Work order: From the line that contains "demokratiequalit t" to the last line of the data below, transcribe every line exactly. Do not include the pictures.

Data extract:
───

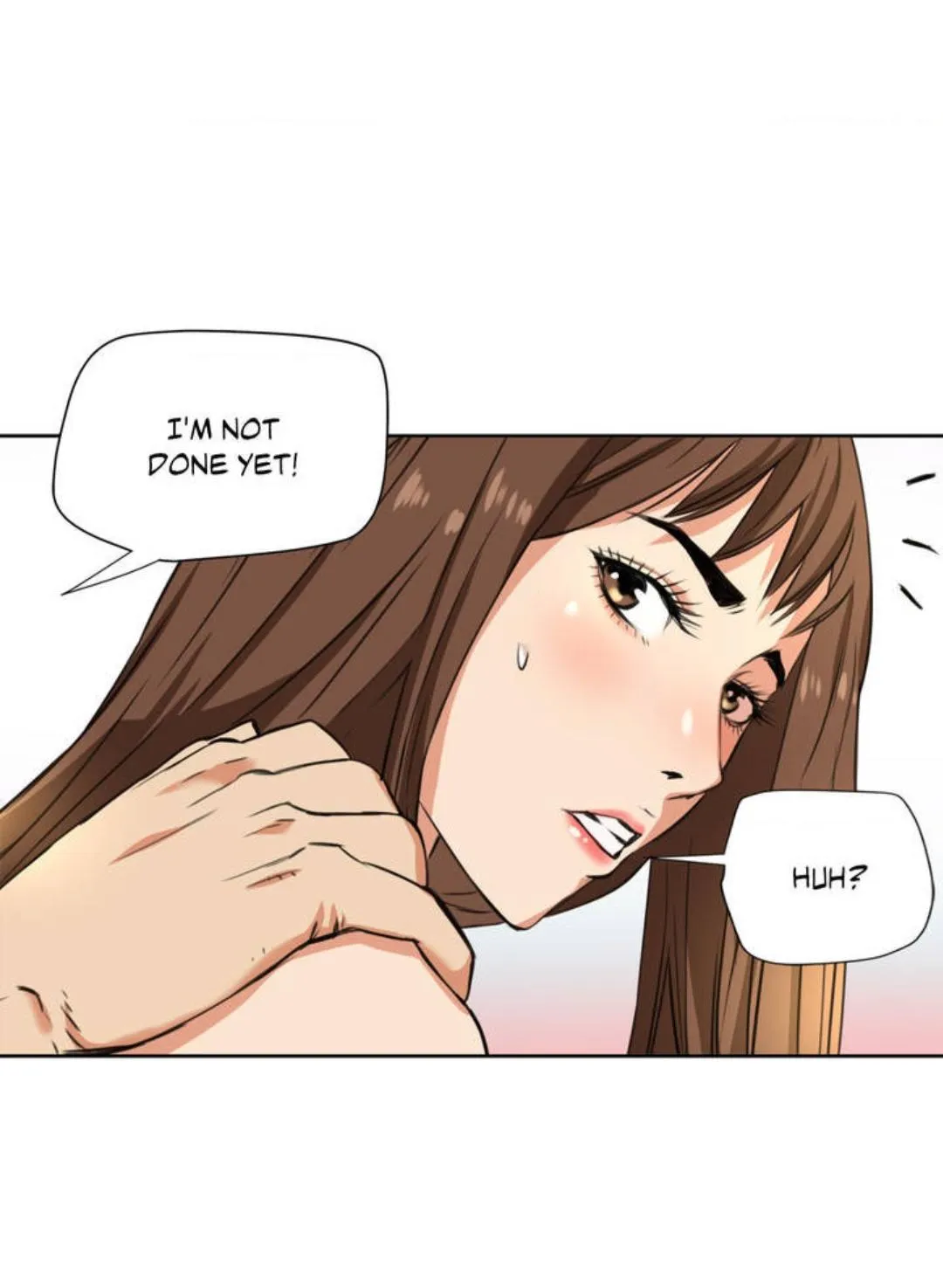Squeaky Clean Chapter 1 page 32 - 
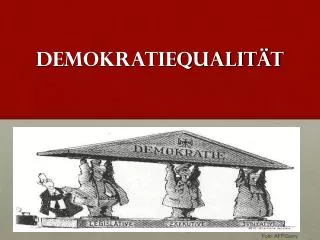 demokratiequalit t
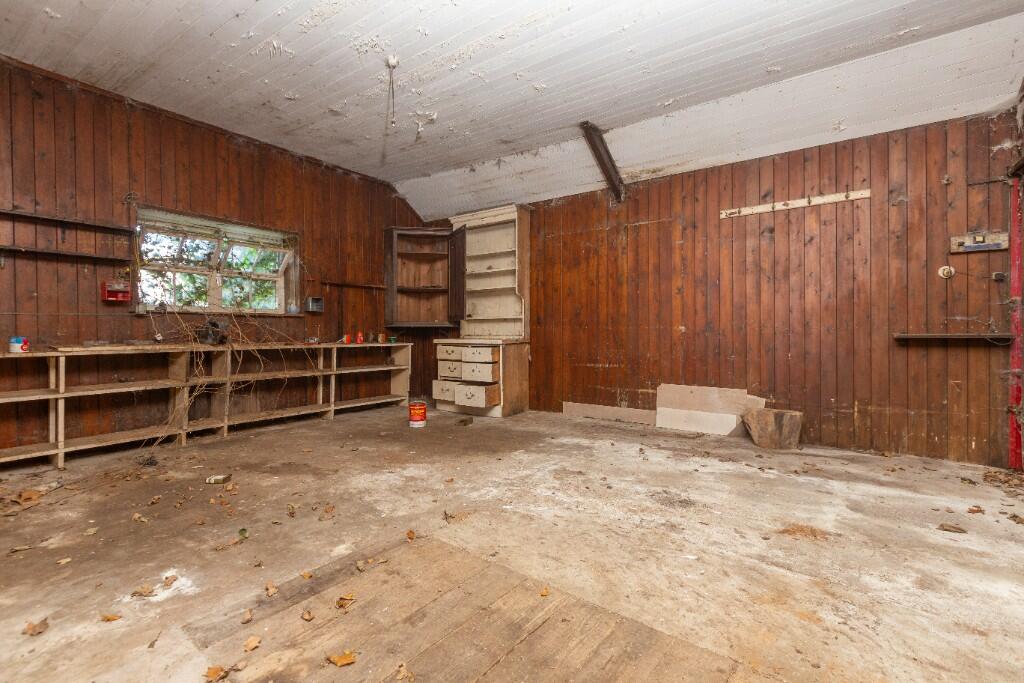 Additional property image - Keswick, Cumbria, CA12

───

Answer to this task:
 demokratiequalit t
 Additional property image - Keswick, Cumbria, CA12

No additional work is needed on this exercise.